Auctions

2021 Was the Year for Prints

With $163 million in sales, 45% of the lots made prices above the estimates

In their 2021 end of year reporting, Phillips auction house revealed that their sales of prints and multiples had risen by 46% from 2020 to 2021. That’s an eye-popping number, but it doesn’t show the full extent of the prints and editions market overall. 

According to LiveArt’s coverage of the 2021 Prints and Editions sales at Phillips, Christie’s and Sotheby’s, the overall sales volume was $163,498,997. The average print sale was $23,976. The market had a very strong dynamic score of 1.56 if we use the hammer ratio, which is the total hammer price divided by the aggregate low estimate. The dynamic score reveals the extent of demand. Hitting 1.56 across an entire market and year is a very strong indicator. The only stronger number is the 99% sell-through rate for this market.

Of the 6818 lots that LiveArt tracked, all but nine of those were sold. Another 18% of the lots were sold for prices below the low estimate. Twice that number, or 37% of the lots, were sold within the estimate range. Another 45% of the lots—nearly half of all of the lots offered—sold for prices above the high estimate.  

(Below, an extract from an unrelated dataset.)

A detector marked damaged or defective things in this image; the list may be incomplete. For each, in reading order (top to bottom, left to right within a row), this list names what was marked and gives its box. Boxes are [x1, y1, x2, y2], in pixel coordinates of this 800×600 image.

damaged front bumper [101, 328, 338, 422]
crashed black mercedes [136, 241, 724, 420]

The most valuable print sold in 2021 was a complete set of Andy Warhol Marilyn Monroe prints that sold for $3.045 million, a price in line with expectations. A Picasso work from 1969, Séries 347, made $2.19 million which was at the top line of the estimate range. A Hokusai print from 1831 did perform far better, making a $1.59 million price that was 8.67 times the low estimate. 

The remainder of the top 25 works is a list of familiar names in the prints and multiples market: Richter, Basquiat Munch, Banksy and Nara. 

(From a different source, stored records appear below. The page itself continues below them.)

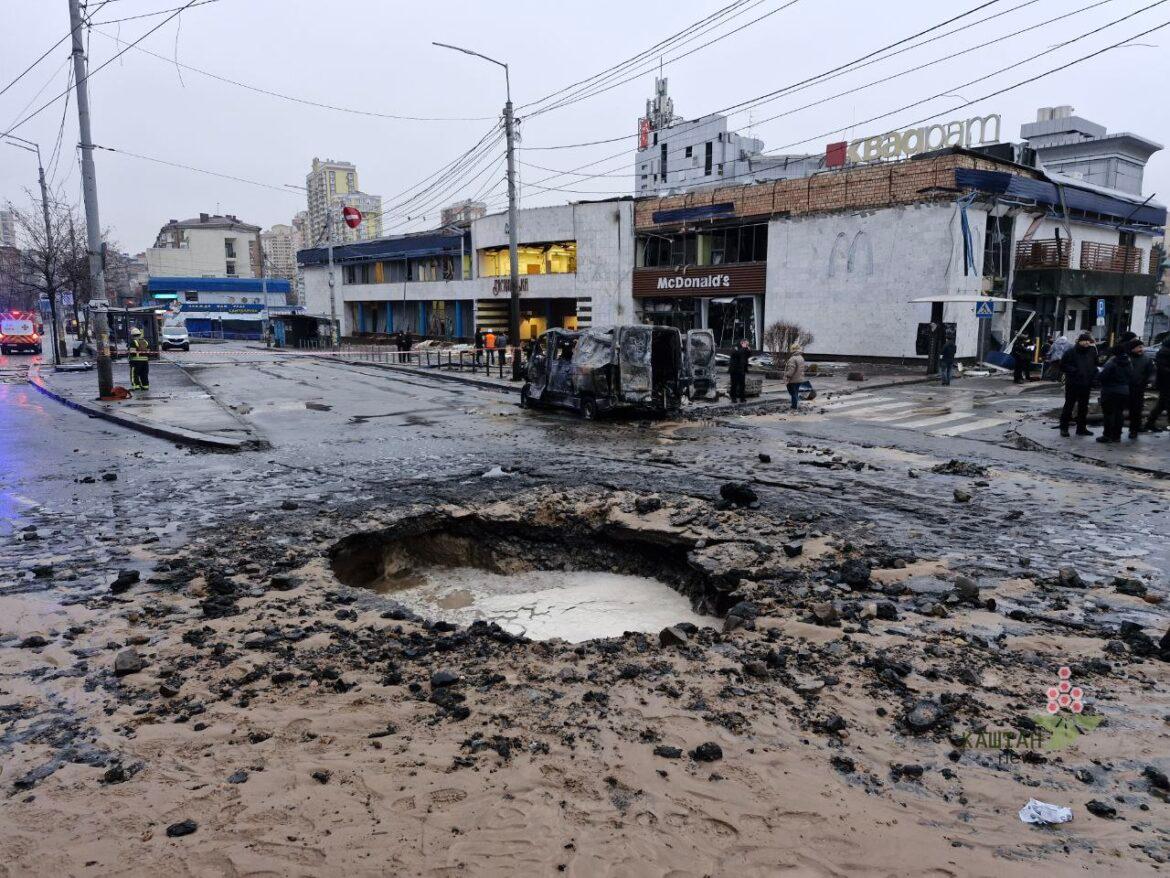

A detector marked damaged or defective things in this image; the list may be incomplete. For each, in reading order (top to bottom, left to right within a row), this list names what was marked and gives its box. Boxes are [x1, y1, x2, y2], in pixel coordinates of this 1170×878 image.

damaged building facade [299, 200, 631, 339]
torn building cladding [299, 105, 1160, 360]
burned out van [521, 327, 683, 419]
torn building cladding [521, 327, 683, 419]
burnt vehicle [524, 327, 683, 419]
charred car wreck [521, 327, 692, 419] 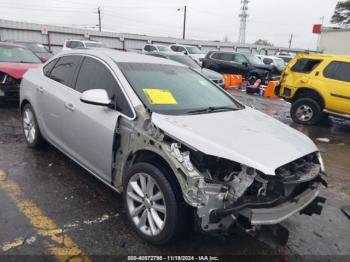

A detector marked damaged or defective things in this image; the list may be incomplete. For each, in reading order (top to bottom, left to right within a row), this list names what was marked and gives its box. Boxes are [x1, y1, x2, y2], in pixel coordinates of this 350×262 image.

crumpled hood [0, 62, 41, 79]
crumpled hood [152, 107, 318, 175] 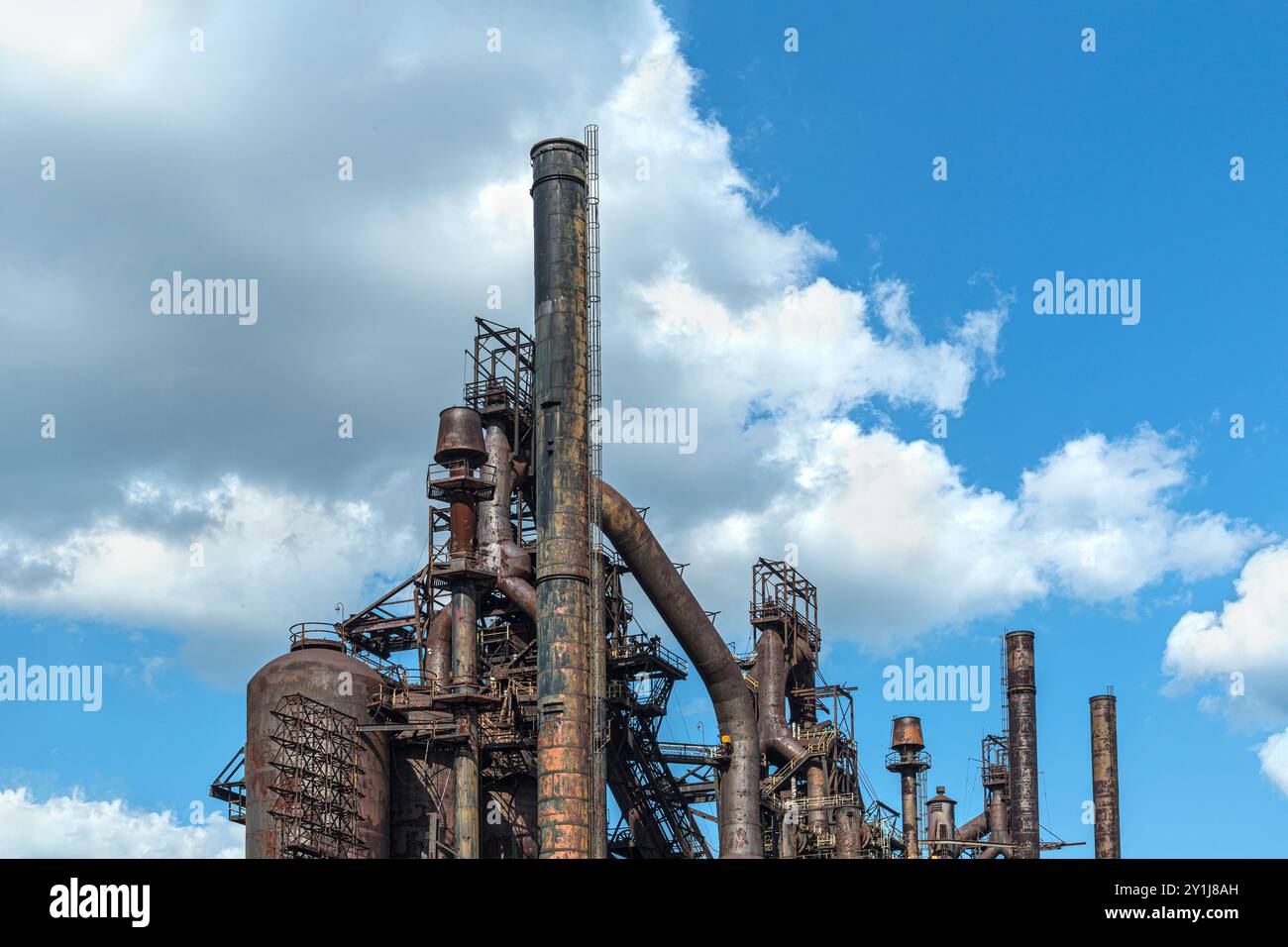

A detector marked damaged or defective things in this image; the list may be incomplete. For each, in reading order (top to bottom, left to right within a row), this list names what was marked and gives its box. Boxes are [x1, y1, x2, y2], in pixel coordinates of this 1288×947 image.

rusty smokestack [528, 139, 592, 860]
rusty metal surface [530, 135, 594, 860]
rusty pipe [594, 481, 757, 860]
rusty metal surface [597, 481, 757, 860]
rusty smokestack [1004, 628, 1035, 860]
rusty metal surface [1004, 633, 1035, 860]
rusty smokestack [1092, 690, 1123, 860]
rusty metal surface [1092, 690, 1123, 860]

These names, along with Roy Lichtenstein, David, Hockney, Yayoi Kusama, Henri Matisse, Jasper Johns, Yoshitomo Nara, Keith Haring, March Chagall, Gerhard Richter, Damien Hirst, and KAWS are the backbone of the market for prints. Warhol’s paintings may have been reduced in market power over the last half decade, but the artist’s prints—often made with the same silkscreen method employed in the canvases—have been a pillar of the print market. 

Warhol’s $29 million in 2021 prints sales and Banksy’s $26 million total are roughly a third of the value of the entire market for these editioned works. 

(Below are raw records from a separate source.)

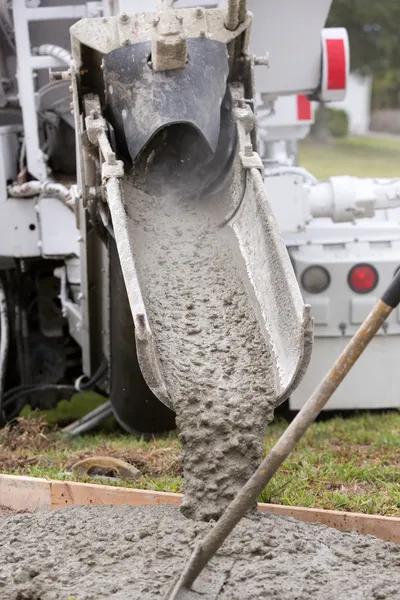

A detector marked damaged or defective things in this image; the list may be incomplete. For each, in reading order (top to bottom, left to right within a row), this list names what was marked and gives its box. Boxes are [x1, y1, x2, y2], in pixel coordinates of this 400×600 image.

rusty metal part [165, 298, 394, 596] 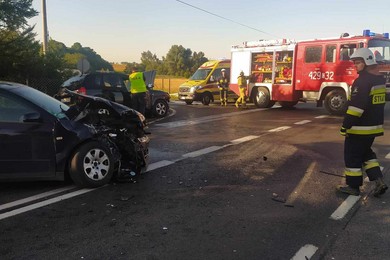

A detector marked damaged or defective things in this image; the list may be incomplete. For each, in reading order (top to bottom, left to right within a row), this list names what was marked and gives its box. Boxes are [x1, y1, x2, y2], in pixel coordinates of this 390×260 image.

damaged dark car [0, 81, 150, 187] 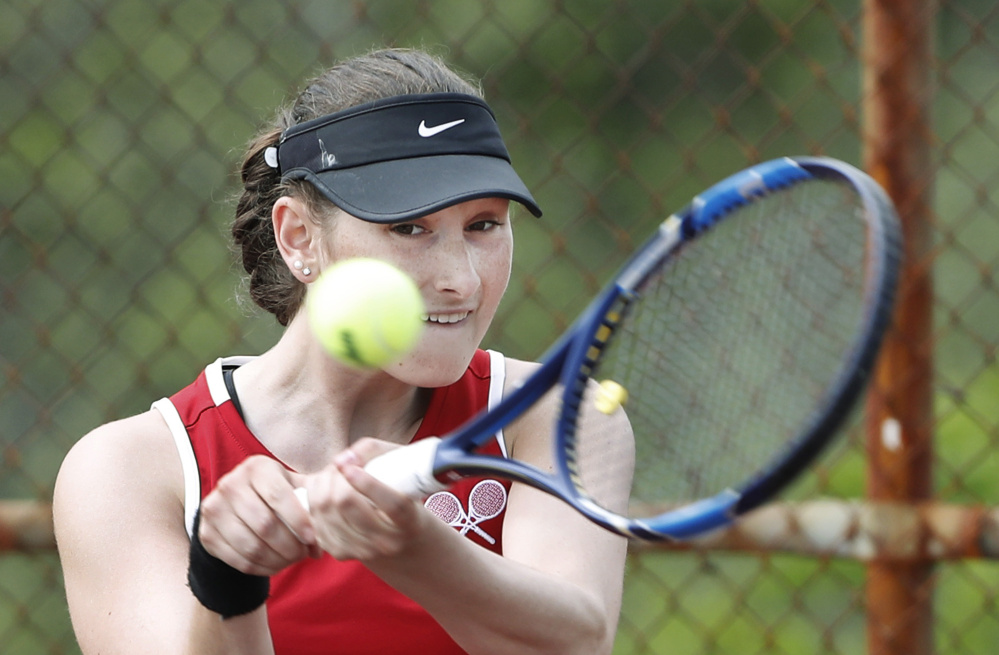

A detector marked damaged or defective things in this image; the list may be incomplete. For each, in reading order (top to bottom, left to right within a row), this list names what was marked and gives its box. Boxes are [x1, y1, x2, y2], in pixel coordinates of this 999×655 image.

rust on fence post [864, 1, 940, 655]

Among the individual works that were the subject of the most dynamic bidding was a woodblock print by Totoya Hokkei that sold for $100,000 over a $2,000 estimate. A print by Shara Hughes titled Split Ends was sold for $30,240 over a $1200 estimate. Kenny Scharf  had more than one print that greatly exceeded estimates but the one that ran the farthest was Grammy which sold for $20,000 over a $1000 estimate.

As the market opens in 2022 with another white-glove sale of prints and editions at Phillips in London, the demand shows little sign of abating.